Red Dead Redemption 2 got its story across in every facet of its design. From the firing and cocking of your weapons to the animations dedicated to simple busywork to the way Arthur Morgan took care of his horse. Deacon St. John shares a relationship with his bike in much the same way Arthur does with his horse. Both require attention, fuel and repair. The thing is Arthur’s horse is a living creature capable of expressing pain and affection. When it dies near the end of the game Arthur runs back to it in the middle of a firefight and whispers his thanks as it dies. It’s affecting and, if you’ve played the game right, it’s a culmination of the beautiful, brutal world Rockstar has built.

As Deacon traversed the volcanic deserts and wooded slopes of Washington state his bike became as much of an annoyance as it was a form of transport. Driving it feels good and when I came upon a stretch of road that wasn’t cluttered up with abandoned vehicles or trees I let that massive engine roar.

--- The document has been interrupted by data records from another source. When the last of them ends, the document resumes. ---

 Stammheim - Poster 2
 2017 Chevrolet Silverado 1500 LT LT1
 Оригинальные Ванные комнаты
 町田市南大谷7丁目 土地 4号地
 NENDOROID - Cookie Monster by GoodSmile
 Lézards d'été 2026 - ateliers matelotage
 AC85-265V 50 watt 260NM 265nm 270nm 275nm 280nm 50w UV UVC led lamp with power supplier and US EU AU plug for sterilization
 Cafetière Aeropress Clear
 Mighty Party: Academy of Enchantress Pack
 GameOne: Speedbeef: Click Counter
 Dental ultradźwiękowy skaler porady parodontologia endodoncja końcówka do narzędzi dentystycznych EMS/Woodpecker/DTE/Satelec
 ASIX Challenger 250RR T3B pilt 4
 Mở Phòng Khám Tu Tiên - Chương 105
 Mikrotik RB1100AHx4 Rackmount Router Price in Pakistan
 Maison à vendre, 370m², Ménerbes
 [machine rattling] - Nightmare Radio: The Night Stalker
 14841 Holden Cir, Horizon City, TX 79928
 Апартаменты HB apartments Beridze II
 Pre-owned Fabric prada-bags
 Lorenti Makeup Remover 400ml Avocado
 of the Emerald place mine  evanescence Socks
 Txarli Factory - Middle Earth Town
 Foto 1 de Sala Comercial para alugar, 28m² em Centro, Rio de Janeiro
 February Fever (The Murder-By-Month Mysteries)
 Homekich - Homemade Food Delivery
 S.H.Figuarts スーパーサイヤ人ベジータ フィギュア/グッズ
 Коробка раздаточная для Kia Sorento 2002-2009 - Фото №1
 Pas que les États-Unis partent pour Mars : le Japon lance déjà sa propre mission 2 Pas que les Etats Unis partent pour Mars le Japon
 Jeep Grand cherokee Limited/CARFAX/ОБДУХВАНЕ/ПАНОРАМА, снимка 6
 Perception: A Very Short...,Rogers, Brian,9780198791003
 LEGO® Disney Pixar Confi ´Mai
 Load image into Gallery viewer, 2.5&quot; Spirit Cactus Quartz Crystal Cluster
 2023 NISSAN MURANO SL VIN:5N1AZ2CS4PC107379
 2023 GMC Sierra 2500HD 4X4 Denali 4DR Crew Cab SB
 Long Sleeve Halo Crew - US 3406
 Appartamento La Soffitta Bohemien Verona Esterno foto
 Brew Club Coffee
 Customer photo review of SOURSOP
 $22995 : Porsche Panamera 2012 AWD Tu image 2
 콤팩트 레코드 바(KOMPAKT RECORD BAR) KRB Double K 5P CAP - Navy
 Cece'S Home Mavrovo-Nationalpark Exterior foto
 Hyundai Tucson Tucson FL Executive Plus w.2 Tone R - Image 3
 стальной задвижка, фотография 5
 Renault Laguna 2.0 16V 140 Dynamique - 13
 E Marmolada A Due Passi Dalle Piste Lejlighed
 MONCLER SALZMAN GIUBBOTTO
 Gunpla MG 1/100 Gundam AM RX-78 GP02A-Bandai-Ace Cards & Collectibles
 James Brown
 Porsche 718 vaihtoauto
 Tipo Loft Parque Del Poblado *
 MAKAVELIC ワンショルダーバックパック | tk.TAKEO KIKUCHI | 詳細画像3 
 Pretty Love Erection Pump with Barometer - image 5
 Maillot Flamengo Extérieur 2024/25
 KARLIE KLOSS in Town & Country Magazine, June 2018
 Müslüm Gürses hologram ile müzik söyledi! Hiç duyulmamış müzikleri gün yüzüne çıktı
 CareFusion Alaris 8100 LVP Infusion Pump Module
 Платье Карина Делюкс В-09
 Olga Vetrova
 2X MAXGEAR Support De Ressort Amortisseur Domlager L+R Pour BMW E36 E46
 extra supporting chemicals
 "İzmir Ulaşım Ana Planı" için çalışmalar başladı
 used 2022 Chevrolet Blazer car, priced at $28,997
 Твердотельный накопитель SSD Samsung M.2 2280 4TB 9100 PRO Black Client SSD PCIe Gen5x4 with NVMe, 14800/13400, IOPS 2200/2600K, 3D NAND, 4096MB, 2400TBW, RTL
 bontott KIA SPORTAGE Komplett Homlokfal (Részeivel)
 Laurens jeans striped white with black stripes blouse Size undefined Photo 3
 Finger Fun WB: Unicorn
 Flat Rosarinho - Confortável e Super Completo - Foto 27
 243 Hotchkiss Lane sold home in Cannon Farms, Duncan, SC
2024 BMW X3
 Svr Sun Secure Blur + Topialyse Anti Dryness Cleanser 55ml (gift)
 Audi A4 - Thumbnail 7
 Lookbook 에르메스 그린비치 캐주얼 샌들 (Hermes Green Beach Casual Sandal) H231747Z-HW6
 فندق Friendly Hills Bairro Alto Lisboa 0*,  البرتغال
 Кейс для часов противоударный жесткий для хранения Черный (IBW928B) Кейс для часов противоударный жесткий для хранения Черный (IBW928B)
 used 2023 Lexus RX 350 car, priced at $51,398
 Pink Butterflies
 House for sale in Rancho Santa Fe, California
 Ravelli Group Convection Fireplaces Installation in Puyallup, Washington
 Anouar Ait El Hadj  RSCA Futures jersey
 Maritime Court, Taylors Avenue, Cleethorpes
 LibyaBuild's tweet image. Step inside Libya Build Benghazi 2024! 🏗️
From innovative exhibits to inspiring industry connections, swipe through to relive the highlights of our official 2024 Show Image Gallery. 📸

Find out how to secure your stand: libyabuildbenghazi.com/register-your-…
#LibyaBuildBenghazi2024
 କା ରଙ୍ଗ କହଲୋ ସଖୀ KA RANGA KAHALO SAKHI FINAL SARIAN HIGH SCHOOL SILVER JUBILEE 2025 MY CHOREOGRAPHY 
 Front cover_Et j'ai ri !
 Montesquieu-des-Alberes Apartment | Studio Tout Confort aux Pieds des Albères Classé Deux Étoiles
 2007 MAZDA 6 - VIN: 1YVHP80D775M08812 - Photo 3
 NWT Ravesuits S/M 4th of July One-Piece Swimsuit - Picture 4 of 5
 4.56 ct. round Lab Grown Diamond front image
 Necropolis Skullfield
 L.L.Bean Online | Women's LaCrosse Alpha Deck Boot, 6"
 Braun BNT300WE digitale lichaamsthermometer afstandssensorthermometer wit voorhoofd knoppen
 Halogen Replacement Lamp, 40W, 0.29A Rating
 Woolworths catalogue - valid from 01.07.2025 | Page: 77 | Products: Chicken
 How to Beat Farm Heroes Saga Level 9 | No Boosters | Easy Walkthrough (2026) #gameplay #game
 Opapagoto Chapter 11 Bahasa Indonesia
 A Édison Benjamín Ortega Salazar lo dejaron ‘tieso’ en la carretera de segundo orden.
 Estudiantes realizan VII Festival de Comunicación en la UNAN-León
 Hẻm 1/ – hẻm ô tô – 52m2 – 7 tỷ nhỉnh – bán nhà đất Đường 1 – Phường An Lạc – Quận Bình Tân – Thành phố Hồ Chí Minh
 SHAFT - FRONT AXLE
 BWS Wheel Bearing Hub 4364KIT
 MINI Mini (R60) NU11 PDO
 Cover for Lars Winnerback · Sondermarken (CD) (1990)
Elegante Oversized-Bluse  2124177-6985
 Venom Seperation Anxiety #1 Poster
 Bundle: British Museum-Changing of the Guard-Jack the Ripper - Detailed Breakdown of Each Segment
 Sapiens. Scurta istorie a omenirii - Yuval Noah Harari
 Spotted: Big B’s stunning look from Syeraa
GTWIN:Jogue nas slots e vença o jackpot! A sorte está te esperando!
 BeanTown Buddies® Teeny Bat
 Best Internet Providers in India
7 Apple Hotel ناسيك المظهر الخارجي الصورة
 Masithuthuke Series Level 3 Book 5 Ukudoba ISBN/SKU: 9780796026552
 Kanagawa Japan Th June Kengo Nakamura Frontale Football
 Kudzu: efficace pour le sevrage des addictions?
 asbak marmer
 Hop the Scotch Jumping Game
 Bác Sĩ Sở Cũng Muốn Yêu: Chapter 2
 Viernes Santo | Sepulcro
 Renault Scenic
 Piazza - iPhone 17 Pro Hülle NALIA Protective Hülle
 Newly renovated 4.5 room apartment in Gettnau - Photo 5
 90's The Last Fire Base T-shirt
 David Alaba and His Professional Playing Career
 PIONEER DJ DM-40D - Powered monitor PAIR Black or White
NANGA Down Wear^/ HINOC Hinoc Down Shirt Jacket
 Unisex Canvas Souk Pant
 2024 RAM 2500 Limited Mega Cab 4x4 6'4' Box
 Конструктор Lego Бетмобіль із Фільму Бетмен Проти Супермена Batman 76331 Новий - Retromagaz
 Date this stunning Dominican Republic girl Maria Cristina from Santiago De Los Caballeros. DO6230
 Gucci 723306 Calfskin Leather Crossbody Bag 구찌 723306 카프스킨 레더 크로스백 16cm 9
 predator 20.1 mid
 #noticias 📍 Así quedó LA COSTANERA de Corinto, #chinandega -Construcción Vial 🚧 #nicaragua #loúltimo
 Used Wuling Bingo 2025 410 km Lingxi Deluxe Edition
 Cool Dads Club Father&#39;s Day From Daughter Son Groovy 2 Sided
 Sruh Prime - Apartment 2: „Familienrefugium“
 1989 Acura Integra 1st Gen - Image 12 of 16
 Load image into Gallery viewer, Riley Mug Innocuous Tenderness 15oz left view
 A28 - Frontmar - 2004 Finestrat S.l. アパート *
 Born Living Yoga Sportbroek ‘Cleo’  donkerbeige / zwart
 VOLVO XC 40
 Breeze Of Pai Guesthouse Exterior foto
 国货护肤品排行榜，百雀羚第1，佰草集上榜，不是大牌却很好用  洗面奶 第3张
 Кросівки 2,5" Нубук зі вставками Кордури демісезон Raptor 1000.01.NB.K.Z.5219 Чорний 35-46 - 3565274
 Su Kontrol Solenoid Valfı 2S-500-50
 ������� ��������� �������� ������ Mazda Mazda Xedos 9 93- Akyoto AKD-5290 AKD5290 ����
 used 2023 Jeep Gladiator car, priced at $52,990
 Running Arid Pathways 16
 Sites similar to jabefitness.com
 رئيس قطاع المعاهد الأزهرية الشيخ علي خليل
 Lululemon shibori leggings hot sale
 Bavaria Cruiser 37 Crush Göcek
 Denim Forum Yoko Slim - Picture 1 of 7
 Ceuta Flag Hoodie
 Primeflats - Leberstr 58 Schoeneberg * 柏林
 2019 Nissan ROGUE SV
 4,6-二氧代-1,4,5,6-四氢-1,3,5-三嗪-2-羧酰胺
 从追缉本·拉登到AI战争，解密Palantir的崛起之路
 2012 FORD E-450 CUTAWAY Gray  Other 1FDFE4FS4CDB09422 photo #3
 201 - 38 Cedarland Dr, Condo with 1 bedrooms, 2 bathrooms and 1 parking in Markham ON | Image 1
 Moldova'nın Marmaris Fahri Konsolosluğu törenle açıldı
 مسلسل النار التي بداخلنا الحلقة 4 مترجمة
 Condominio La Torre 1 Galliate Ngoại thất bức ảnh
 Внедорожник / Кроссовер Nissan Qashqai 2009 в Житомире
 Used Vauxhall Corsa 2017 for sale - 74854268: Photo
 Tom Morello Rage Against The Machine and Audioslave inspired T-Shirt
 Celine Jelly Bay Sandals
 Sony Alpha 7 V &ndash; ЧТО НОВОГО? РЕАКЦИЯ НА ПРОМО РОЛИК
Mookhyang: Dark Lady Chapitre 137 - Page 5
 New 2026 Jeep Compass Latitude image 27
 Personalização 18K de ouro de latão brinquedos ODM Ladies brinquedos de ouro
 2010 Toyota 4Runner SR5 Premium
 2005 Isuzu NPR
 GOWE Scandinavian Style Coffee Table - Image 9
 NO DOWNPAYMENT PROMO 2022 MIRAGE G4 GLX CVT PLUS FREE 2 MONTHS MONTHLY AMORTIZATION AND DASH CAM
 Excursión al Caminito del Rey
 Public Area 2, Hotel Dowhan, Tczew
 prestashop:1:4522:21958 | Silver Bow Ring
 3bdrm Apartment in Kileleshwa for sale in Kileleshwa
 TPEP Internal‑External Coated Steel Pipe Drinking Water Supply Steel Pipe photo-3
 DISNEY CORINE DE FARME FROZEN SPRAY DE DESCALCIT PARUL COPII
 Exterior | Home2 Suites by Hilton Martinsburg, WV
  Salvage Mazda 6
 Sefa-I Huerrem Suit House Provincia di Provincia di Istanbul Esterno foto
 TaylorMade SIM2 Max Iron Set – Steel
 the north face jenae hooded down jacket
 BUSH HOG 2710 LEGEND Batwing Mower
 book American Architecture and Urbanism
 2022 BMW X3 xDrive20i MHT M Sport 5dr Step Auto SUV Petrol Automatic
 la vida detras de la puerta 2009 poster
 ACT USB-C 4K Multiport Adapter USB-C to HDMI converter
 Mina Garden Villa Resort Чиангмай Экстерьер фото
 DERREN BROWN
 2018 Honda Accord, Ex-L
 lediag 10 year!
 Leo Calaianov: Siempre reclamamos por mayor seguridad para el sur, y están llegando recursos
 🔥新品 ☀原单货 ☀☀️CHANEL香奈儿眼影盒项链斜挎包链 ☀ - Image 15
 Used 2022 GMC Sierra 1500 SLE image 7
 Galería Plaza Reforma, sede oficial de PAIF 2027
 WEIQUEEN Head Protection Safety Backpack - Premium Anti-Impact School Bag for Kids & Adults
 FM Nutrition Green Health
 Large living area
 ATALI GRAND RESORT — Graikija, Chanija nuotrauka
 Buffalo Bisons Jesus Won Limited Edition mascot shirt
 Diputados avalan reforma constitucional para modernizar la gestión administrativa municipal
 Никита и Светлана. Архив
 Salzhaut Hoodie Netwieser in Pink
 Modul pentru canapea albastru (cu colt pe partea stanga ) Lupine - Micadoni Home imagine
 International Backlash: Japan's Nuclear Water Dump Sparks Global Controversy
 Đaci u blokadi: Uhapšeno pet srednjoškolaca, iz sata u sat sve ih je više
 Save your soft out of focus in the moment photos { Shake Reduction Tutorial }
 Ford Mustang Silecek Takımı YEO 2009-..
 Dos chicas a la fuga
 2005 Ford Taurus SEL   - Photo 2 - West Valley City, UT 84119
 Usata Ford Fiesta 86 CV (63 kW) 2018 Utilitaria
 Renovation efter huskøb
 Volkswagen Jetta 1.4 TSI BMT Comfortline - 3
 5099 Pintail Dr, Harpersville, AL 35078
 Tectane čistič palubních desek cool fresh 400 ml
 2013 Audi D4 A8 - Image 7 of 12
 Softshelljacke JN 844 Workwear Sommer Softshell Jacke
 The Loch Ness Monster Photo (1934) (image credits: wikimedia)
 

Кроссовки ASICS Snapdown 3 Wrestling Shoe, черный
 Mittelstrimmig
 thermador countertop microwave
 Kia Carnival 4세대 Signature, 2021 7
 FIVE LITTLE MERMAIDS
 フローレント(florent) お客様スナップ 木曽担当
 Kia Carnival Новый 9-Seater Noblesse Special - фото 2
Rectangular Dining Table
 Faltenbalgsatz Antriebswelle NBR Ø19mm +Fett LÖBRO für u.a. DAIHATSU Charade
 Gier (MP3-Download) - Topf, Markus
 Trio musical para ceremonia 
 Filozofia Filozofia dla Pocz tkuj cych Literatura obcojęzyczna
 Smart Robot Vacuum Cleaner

Until I ran out of fuel or a marauder trap nearly took my head off. In Red Dead Redemption 2 the in-game work of tending to my horse felt worthwhile. I was building a relationship with a responsive, emotive animal. In Days Gone when I fix up my bike or pump it full of fuel it just sits there, unmoving and ungrateful. Better to leave out the system of taking care of something than to half-ass it.

Further Reading: Finding Hope in Futility in Red Dead Redemption 2.

Everything in Days Gone gives a sense of deja vú of playing a better game. It’s frenetic, visceral combat was nothing I hadn’t enjoyed in The Last of Us. The same goes for its practically plot-less story and hard-bitten characters. Against all odds, even when I wrote that article last year, I was hoping Days Gone would at least be good. That there would be something more than the Freaker swarms that the developers made such a big deal out of as if they’d never heard of Left 4 Dead. Instead Days Gone may as well be The Colour Beige: The Game. I took no real pleasure in writing this just as I take no real pleasure in playing Days Gone.